Copy every record exactly.

• Information provided
================

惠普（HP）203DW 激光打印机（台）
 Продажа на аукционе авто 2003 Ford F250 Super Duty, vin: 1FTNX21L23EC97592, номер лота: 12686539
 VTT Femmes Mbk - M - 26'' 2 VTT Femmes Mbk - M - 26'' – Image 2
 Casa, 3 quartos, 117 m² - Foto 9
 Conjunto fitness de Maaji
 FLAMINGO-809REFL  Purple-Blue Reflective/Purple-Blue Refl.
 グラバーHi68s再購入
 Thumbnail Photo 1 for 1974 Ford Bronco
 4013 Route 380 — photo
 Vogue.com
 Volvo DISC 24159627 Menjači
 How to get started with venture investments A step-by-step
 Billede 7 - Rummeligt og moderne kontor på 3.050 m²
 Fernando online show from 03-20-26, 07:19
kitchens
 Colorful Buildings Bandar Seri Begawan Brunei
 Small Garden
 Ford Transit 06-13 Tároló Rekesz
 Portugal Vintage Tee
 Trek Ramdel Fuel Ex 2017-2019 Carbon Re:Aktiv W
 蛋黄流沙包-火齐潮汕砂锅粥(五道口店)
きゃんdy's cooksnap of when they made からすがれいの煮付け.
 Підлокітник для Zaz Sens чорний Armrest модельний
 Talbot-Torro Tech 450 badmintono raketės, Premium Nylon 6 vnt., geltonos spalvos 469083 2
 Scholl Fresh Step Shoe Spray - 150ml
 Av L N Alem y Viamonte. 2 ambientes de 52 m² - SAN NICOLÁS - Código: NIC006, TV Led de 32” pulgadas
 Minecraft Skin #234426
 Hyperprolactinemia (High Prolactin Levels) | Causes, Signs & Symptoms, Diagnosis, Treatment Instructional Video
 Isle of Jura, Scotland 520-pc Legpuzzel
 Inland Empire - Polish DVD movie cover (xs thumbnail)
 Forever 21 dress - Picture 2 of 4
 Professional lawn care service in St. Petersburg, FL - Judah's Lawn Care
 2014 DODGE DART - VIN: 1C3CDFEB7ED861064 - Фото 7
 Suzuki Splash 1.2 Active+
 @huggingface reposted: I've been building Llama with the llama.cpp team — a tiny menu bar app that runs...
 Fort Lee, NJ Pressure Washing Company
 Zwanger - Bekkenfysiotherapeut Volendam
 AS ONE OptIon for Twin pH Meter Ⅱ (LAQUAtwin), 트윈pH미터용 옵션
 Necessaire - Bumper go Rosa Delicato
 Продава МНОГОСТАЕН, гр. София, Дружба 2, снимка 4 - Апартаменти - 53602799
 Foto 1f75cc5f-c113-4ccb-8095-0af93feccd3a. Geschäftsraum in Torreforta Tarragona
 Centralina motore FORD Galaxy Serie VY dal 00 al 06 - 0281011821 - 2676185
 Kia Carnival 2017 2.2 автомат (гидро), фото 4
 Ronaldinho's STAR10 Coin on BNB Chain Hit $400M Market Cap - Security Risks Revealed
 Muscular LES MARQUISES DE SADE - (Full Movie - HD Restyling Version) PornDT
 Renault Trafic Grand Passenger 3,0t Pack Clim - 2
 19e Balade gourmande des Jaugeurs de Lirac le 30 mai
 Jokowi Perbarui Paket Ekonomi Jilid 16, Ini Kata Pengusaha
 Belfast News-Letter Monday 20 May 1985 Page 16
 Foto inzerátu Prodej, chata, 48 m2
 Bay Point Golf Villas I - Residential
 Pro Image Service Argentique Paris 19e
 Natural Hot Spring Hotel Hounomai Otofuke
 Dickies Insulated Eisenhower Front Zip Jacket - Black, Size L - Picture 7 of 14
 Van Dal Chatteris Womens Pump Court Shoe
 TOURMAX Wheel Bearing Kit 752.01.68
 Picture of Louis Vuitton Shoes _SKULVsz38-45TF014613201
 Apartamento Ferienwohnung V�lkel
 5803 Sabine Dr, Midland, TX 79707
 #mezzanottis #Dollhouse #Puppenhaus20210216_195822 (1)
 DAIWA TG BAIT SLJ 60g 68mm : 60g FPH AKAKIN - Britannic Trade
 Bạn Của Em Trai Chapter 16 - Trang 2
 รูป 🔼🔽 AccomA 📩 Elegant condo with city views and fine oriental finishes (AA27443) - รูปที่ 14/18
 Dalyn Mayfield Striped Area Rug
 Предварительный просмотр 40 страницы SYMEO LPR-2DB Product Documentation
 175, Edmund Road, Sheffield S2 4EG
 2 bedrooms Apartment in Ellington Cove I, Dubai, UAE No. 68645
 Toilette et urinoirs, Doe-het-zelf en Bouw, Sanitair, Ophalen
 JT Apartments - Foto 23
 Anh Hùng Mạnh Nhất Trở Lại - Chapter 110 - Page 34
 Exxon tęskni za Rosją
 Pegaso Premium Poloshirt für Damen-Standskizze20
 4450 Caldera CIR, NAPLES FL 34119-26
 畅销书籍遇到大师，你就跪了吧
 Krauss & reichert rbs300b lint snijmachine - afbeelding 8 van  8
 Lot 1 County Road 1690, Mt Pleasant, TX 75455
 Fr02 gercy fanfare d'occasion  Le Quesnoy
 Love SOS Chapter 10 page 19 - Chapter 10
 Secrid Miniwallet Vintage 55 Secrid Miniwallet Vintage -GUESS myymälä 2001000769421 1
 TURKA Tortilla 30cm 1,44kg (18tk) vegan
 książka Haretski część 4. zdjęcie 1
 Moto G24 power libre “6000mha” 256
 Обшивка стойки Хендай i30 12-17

================

• Answer space
惠普（HP）203DW 激光打印机（台）
 Продажа на аукционе авто 2003 Ford F250 Super Duty, vin: 1FTNX21L23EC97592, номер лота: 12686539
 VTT Femmes Mbk - M - 26'' 2 VTT Femmes Mbk - M - 26'' – Image 2
 Casa, 3 quartos, 117 m² - Foto 9
 Conjunto fitness de Maaji
 FLAMINGO-809REFL  Purple-Blue Reflective/Purple-Blue Refl.
 グラバーHi68s再購入
 Thumbnail Photo 1 for 1974 Ford Bronco
 4013 Route 380 — photo
 Vogue.com
 Volvo DISC 24159627 Menjači
 How to get started with venture investments A step-by-step
 Billede 7 - Rummeligt og moderne kontor på 3.050 m²
 Fernando online show from 03-20-26, 07:19
kitchens
 Colorful Buildings Bandar Seri Begawan Brunei
 Small Garden
 Ford Transit 06-13 Tároló Rekesz
 Portugal Vintage Tee
 Trek Ramdel Fuel Ex 2017-2019 Carbon Re:Aktiv W
 蛋黄流沙包-火齐潮汕砂锅粥(五道口店)
きゃんdy's cooksnap of when they made からすがれいの煮付け.
 Підлокітник для Zaz Sens чорний Armrest модельний
 Talbot-Torro Tech 450 badmintono raketės, Premium Nylon 6 vnt., geltonos spalvos 469083 2
 Scholl Fresh Step Shoe Spray - 150ml
 Av L N Alem y Viamonte. 2 ambientes de 52 m² - SAN NICOLÁS - Código: NIC006, TV Led de 32” pulgadas
 Minecraft Skin #234426
 Hyperprolactinemia (High Prolactin Levels) | Causes, Signs & Symptoms, Diagnosis, Treatment Instructional Video
 Isle of Jura, Scotland 520-pc Legpuzzel
 Inland Empire - Polish DVD movie cover (xs thumbnail)
 Forever 21 dress - Picture 2 of 4
 Professional lawn care service in St. Petersburg, FL - Judah's Lawn Care
 2014 DODGE DART - VIN: 1C3CDFEB7ED861064 - Фото 7
 Suzuki Splash 1.2 Active+
 @huggingface reposted: I've been building Llama with the llama.cpp team — a tiny menu bar app that runs...
 Fort Lee, NJ Pressure Washing Company
 Zwanger - Bekkenfysiotherapeut Volendam
 AS ONE OptIon for Twin pH Meter Ⅱ (LAQUAtwin), 트윈pH미터용 옵션
 Necessaire - Bumper go Rosa Delicato
 Продава МНОГОСТАЕН, гр. София, Дружба 2, снимка 4 - Апартаменти - 53602799
 Foto 1f75cc5f-c113-4ccb-8095-0af93feccd3a. Geschäftsraum in Torreforta Tarragona
 Centralina motore FORD Galaxy Serie VY dal 00 al 06 - 0281011821 - 2676185
 Kia Carnival 2017 2.2 автомат (гидро), фото 4
 Ronaldinho's STAR10 Coin on BNB Chain Hit $400M Market Cap - Security Risks Revealed
 Muscular LES MARQUISES DE SADE - (Full Movie - HD Restyling Version) PornDT
 Renault Trafic Grand Passenger 3,0t Pack Clim - 2
 19e Balade gourmande des Jaugeurs de Lirac le 30 mai
 Jokowi Perbarui Paket Ekonomi Jilid 16, Ini Kata Pengusaha
 Belfast News-Letter Monday 20 May 1985 Page 16
 Foto inzerátu Prodej, chata, 48 m2
 Bay Point Golf Villas I - Residential
 Pro Image Service Argentique Paris 19e
 Natural Hot Spring Hotel Hounomai Otofuke
 Dickies Insulated Eisenhower Front Zip Jacket - Black, Size L - Picture 7 of 14
 Van Dal Chatteris Womens Pump Court Shoe
 TOURMAX Wheel Bearing Kit 752.01.68
 Picture of Louis Vuitton Shoes _SKULVsz38-45TF014613201
 Apartamento Ferienwohnung V�lkel
 5803 Sabine Dr, Midland, TX 79707
 #mezzanottis #Dollhouse #Puppenhaus20210216_195822 (1)
 DAIWA TG BAIT SLJ 60g 68mm : 60g FPH AKAKIN - Britannic Trade
 Bạn Của Em Trai Chapter 16 - Trang 2
 รูป 🔼🔽 AccomA 📩 Elegant condo with city views and fine oriental finishes (AA27443) - รูปที่ 14/18
 Dalyn Mayfield Striped Area Rug
 Предварительный просмотр 40 страницы SYMEO LPR-2DB Product Documentation
 175, Edmund Road, Sheffield S2 4EG
 2 bedrooms Apartment in Ellington Cove I, Dubai, UAE No. 68645
 Toilette et urinoirs, Doe-het-zelf en Bouw, Sanitair, Ophalen
 JT Apartments - Foto 23
 Anh Hùng Mạnh Nhất Trở Lại - Chapter 110 - Page 34
 Exxon tęskni za Rosją
 Pegaso Premium Poloshirt für Damen-Standskizze20
 4450 Caldera CIR, NAPLES FL 34119-26
 畅销书籍遇到大师，你就跪了吧
 Krauss & reichert rbs300b lint snijmachine - afbeelding 8 van  8
 Lot 1 County Road 1690, Mt Pleasant, TX 75455
 Fr02 gercy fanfare d'occasion  Le Quesnoy
 Love SOS Chapter 10 page 19 - Chapter 10
 Secrid Miniwallet Vintage 55 Secrid Miniwallet Vintage -GUESS myymälä 2001000769421 1
 TURKA Tortilla 30cm 1,44kg (18tk) vegan
 książka Haretski część 4. zdjęcie 1
 Moto G24 power libre “6000mha” 256
 Обшивка стойки Хендай i30 12-17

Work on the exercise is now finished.